Instructions for the task:
Could the lines from the one containing "速卖通在乌克兰市场数据" through the end of the material below be returned exactly, with nothing else?
---- Collected material
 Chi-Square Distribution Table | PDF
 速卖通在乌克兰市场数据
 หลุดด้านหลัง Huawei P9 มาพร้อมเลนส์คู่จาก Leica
--------
Answer space:
 速卖通在乌克兰市场数据
 หลุดด้านหลัง Huawei P9 มาพร้อมเลนส์คู่จาก Leica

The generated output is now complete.